Time complexity of a non-trivial recursive function

Question

I wrote a recursive function that takes an array of positive integers (> 0) ( denominations ) and an integer value ( amount ) and returns the number of ways it is possible to obtain the value using only the integers in the array. So for example, the array of integers can be thought of as change and the integer value as the amount of money you have to pay. And the function returns the number of ways you can pay the cashier. For example:

amount = 4 and denominations = [1,2,3,4]

This should return 5

I have tested my function and it works fine. When calling the function, the arguments acc and index are passed as 0. Here is the function:

public int count_number_of_ways(int amount, int acc, int index,  int[] denominations) {

        if (acc > amount) return 0;

        if (amount == acc) return 1;


        int len = denominations.length;
        int count = 0;

        while (acc < amount) {


            for (int i = index + 1; i < len; i++) {


                count += count_number_of_ways(amount, acc + denominations[i], i, denominations);


            }

            acc += denominations[index];

            if (acc > amount) return count + 0;

            if (acc == amount) return count + 1;

        }

        return count + 0;


}

I tried to compute the time complexity of this function but hit a brick wall. The recursive call is inside a for loop which is inside a while loop and that made things confusing for me.

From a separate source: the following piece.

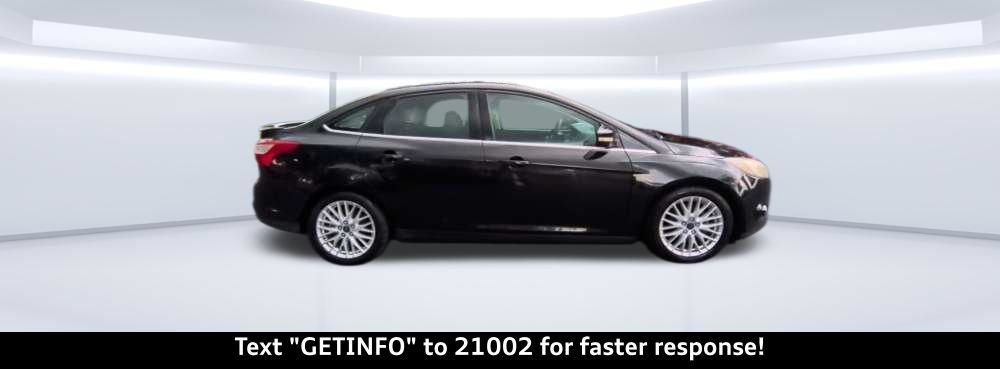 Used 2014 Ford Focus Titanium FWD image 37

Could anyone help me determine the time complexity for this function ?

Answer 1

Generally speaking in worst case you will spend time proportional to ( amount / denominations[0] ) * ( amount / denominations[1] ) * ... * ( amount / denominations[n] ), where n - number of denominations.

This is because you look over all sets of counts for each of your denominations. And maximum count for particular denomination number i is amount / denominations[i] .

In real case you stop the process earlier but I don't think it changes O((amount/geometric_average_denomination)^n).

It's possible to avoid exponential time though. For that you can use dynamic programming approach. Here is my version of your algorithm requiring O(amount * n) time:

public static int count_number_of_ways(int amount, int index, Integer[][] cache, int[] denominations) {
    if (cache == null)
        cache = new Integer[denominations.length][amount + 1];
    if (amount == 0) {
        int ret = 1;
        cache[index][amount] = ret;
        return ret;
    }
    if (cache[index][amount] != null) {
        return cache[index][amount];
    }
    int ret = 0;
    if (index + 1 < denominations.length)
        ret += count_number_of_ways(amount, index + 1, cache, denominations);
    if (amount >= denominations[index])
        ret += count_number_of_ways(amount - denominations[index], index, cache, denominations);
    cache[index][amount] = ret;
    return ret;
}

The idea is to fill matrix of size [n][amount] where each element (i,j) is number of solutions for amount=j using subset of denominations with indexes>=i. You fill each element of this cache matrix only once and reuse it later if it's defined already.

Use it like:

int ret = count_number_of_ways(amount, 0, null, denominations)